▸ **Prompt**
The result should be an exact copy of only the lines from the one with "a bathroom with a toilet and a shower" through the last line of the data below, with pictures omitted.

▸ **Dataset excerpts**
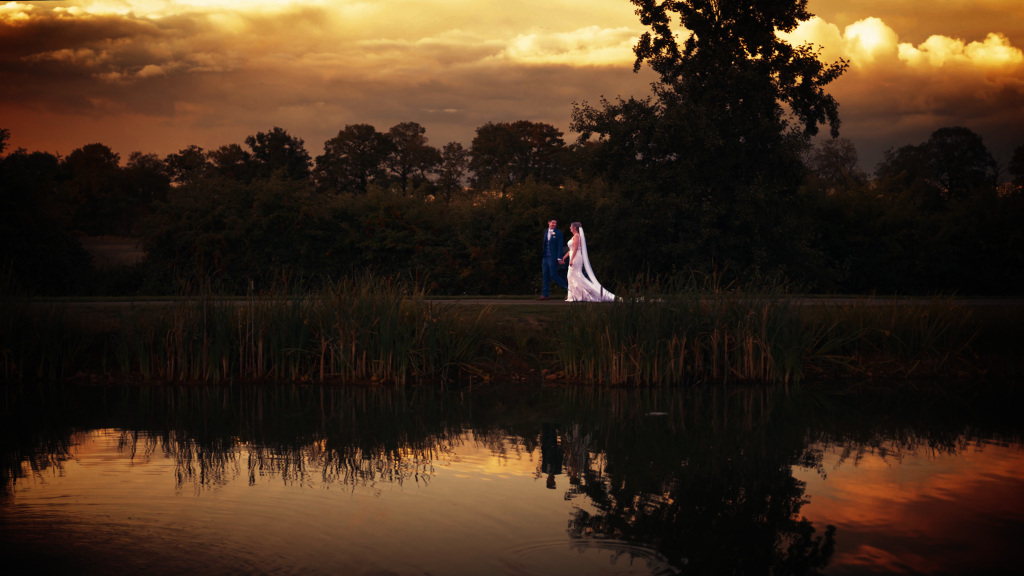 Drone capturing wedding couple walking by the lake at sunset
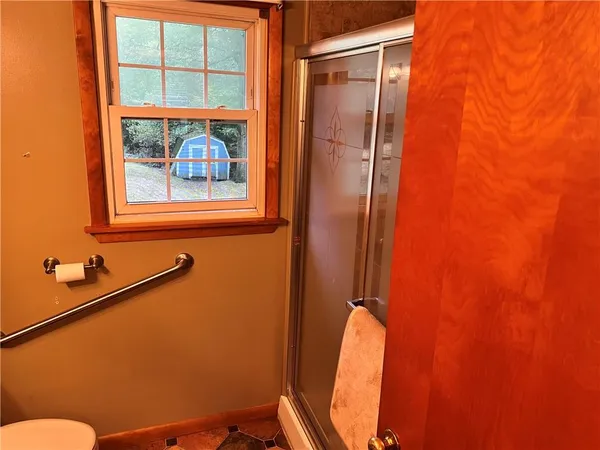a bathroom with a toilet and a shower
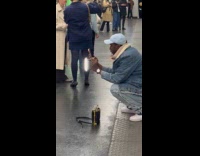 Woman kneels with water bottle on head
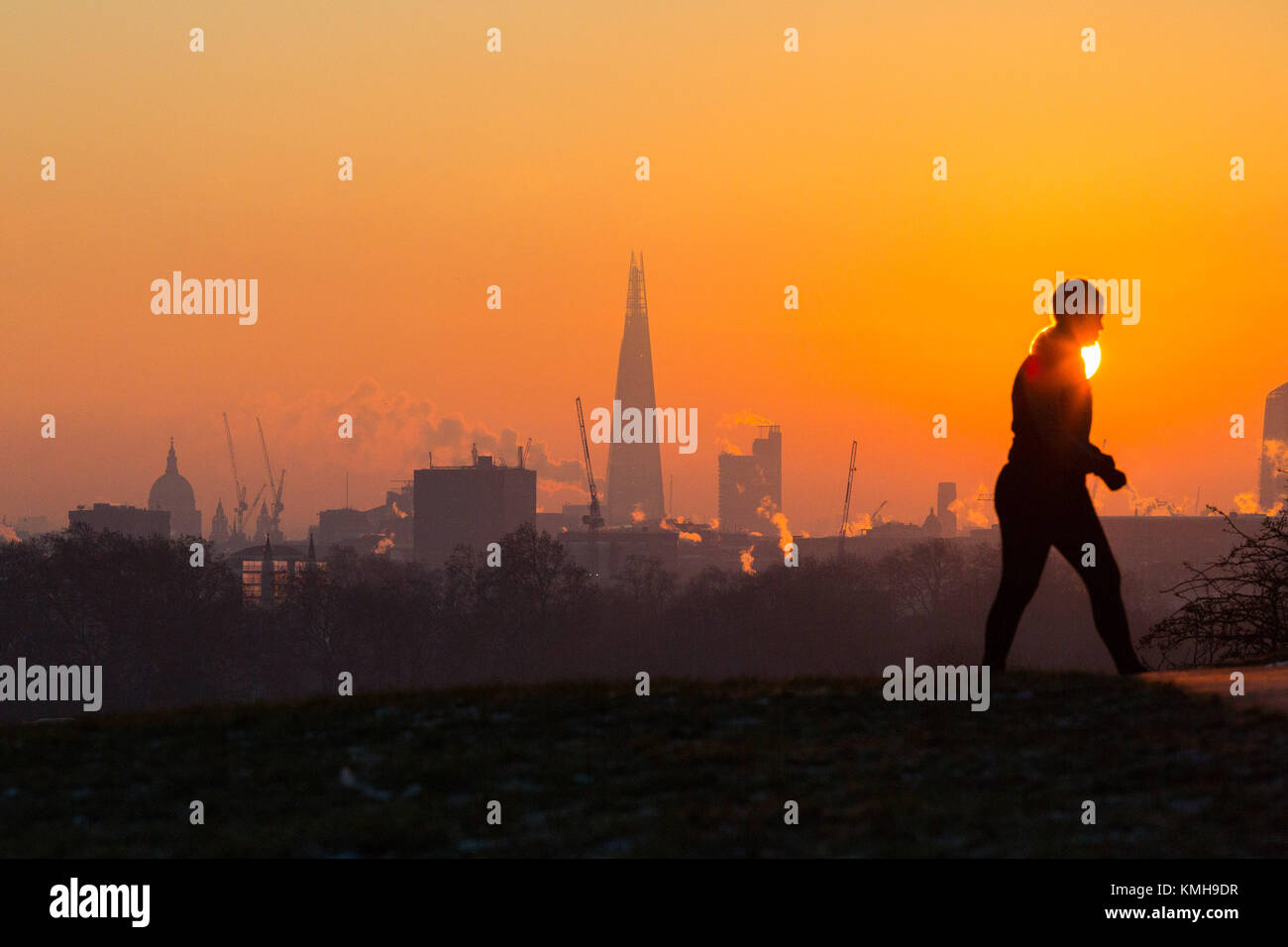 London, UK. 12th Dec, 2017. London, December 12 2017. The sun rises on a clear very cold morning in London, seen from Primrose Hill in Camden. Credit: Paul Davey/Alamy Live News Stock Photo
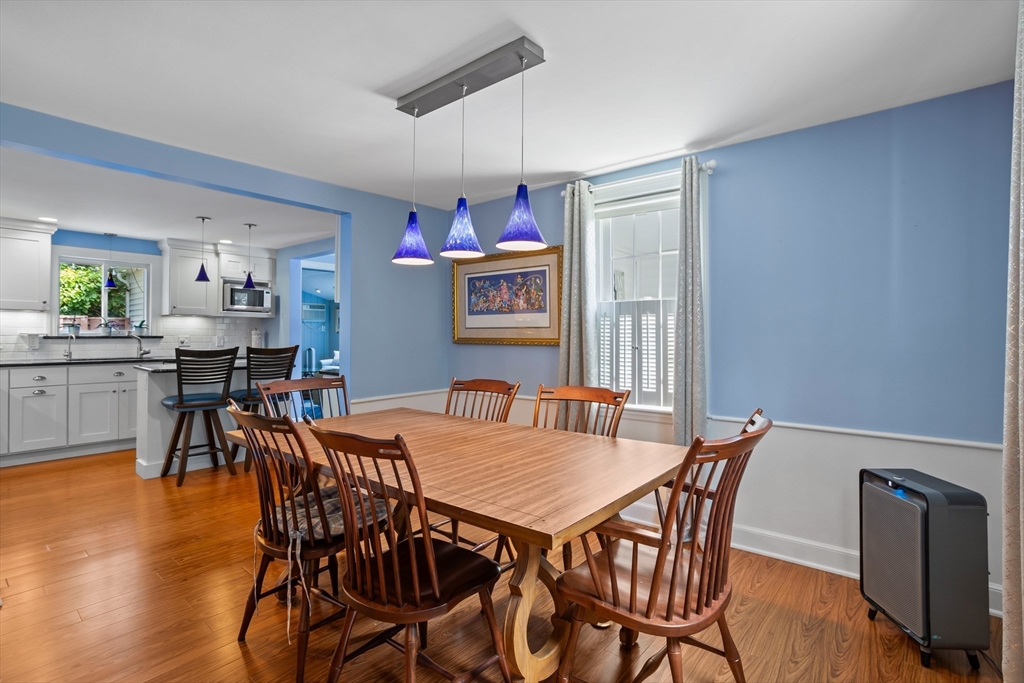 32 Melvin Road Arlington, MA 02474 - Photo 12 of 39 a view of a dining room with furniture and wooden floor
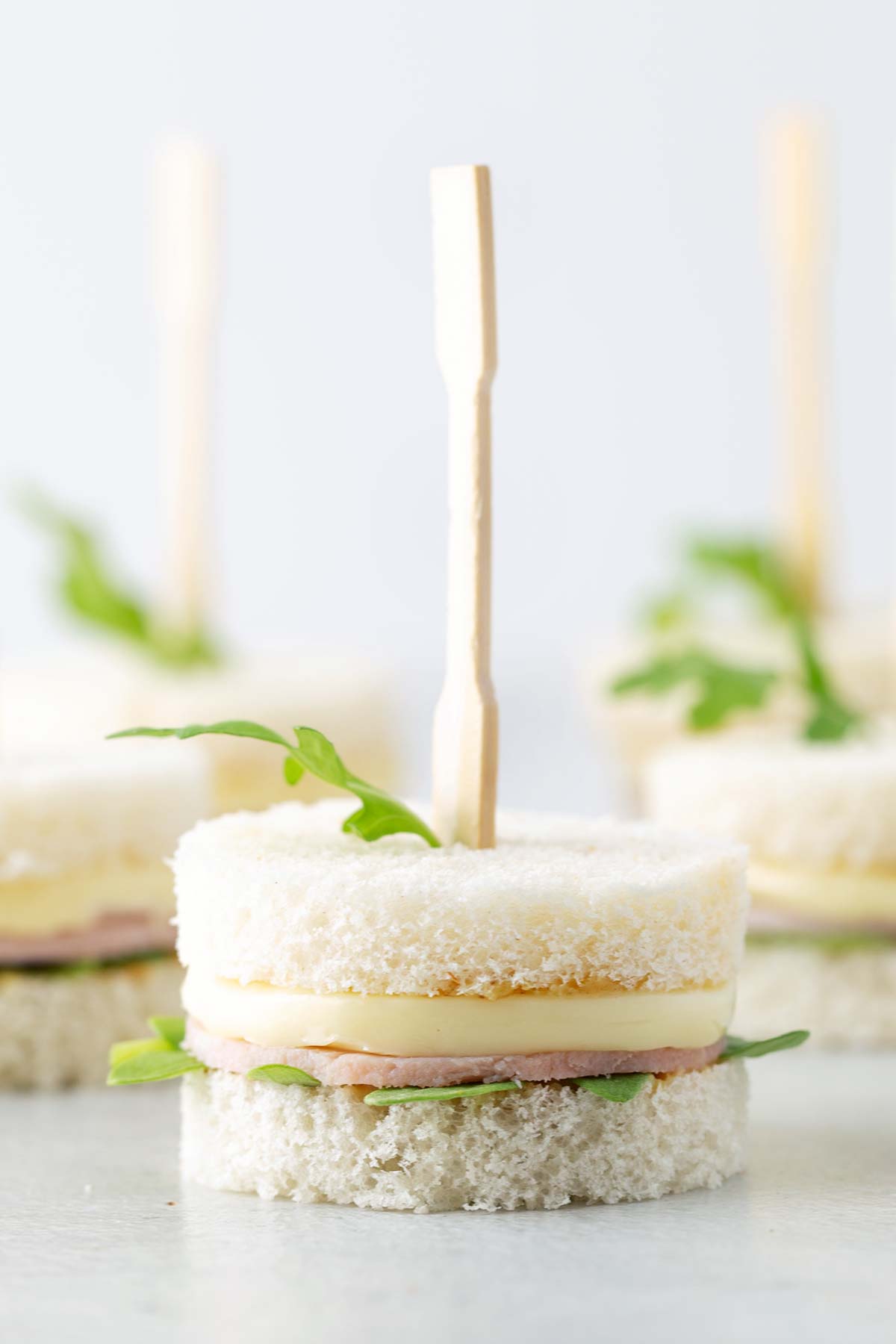 Close up of Ham & Brie Tea Sandwiches held together by cocktail fork.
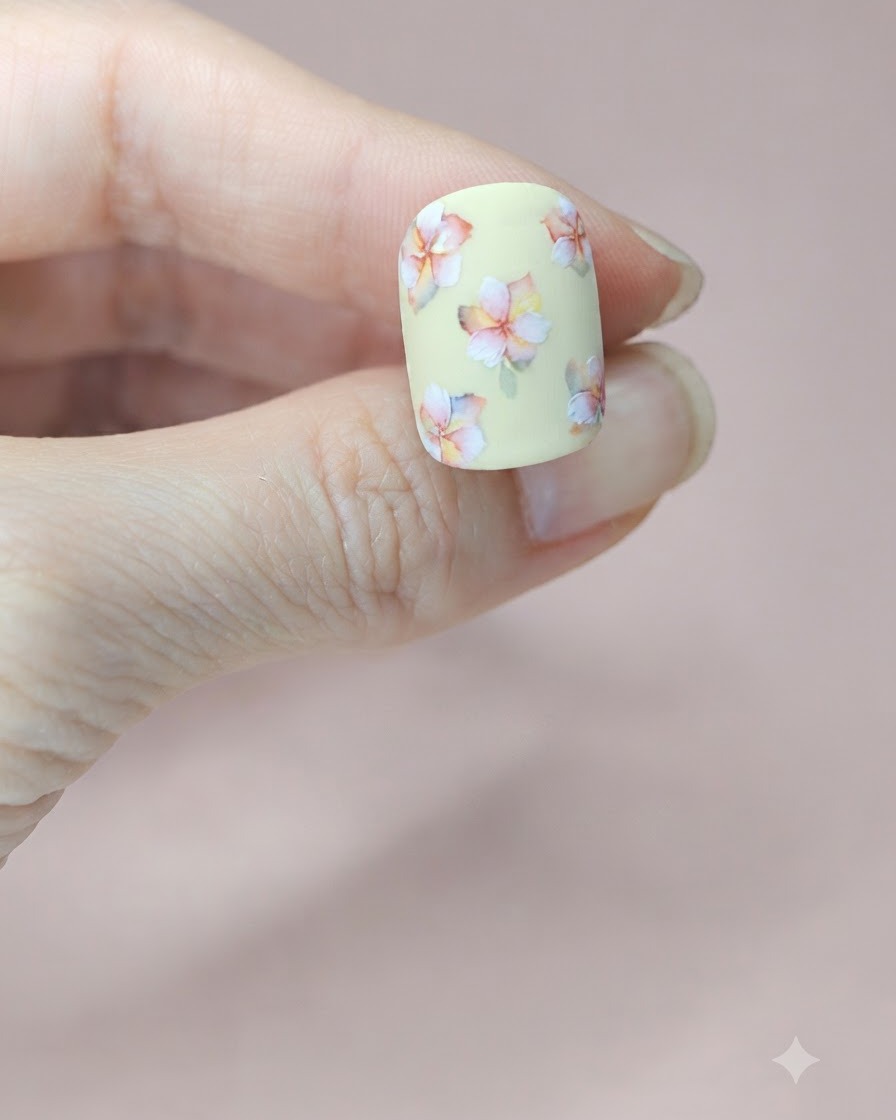 Primer plano de una uña amarilla mostrando una pequeña hoja de acuarela verde pintada junto al diseño floral central.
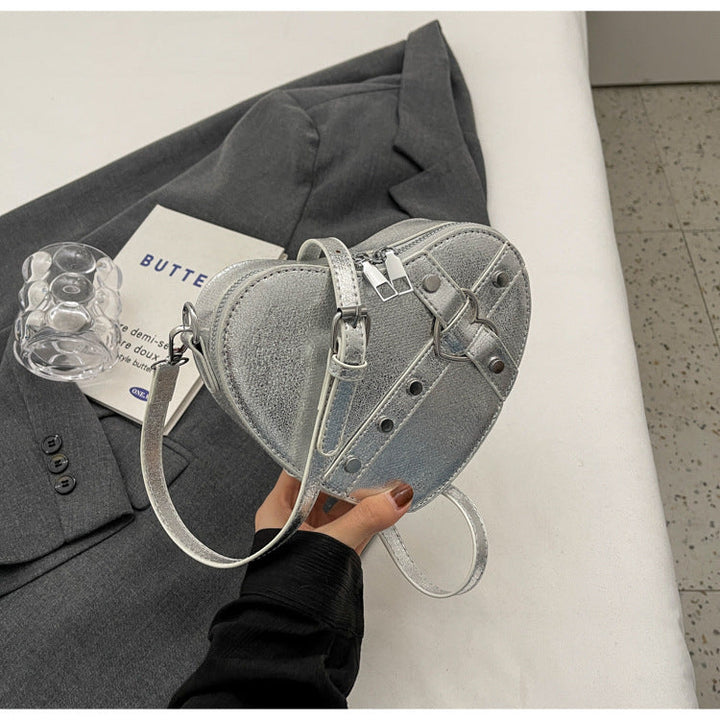 Nord Taschen | Umhängetasche für Damen - Herzförmige Crossbody-Tasche im auffälligen Design mit Riemenverschluss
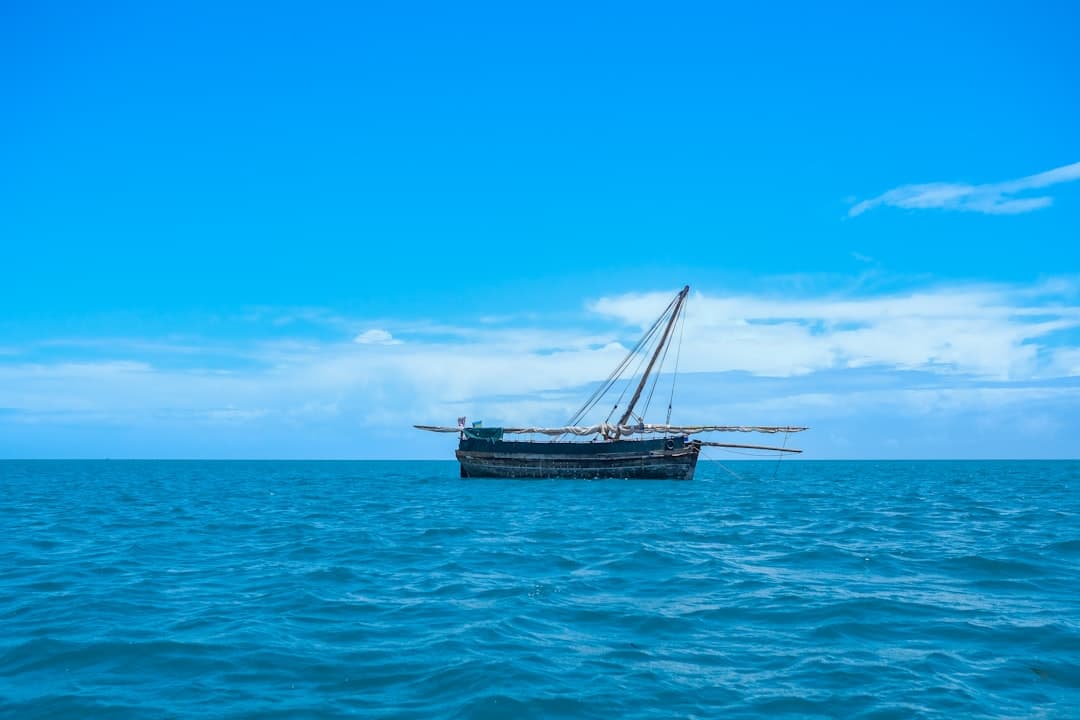 A dhow sailing across turquoise Indian Ocean shallows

▸ **Result of the exercise**
a bathroom with a toilet and a shower
 Woman kneels with water bottle on head
 London, UK. 12th Dec, 2017. London, December 12 2017. The sun rises on a clear very cold morning in London, seen from Primrose Hill in Camden. Credit: Paul Davey/Alamy Live News Stock Photo
 32 Melvin Road Arlington, MA 02474 - Photo 12 of 39 a view of a dining room with furniture and wooden floor
 Close up of Ham & Brie Tea Sandwiches held together by cocktail fork.
 Primer plano de una uña amarilla mostrando una pequeña hoja de acuarela verde pintada junto al diseño floral central.
 Nord Taschen | Umhängetasche für Damen - Herzförmige Crossbody-Tasche im auffälligen Design mit Riemenverschluss
 A dhow sailing across turquoise Indian Ocean shallows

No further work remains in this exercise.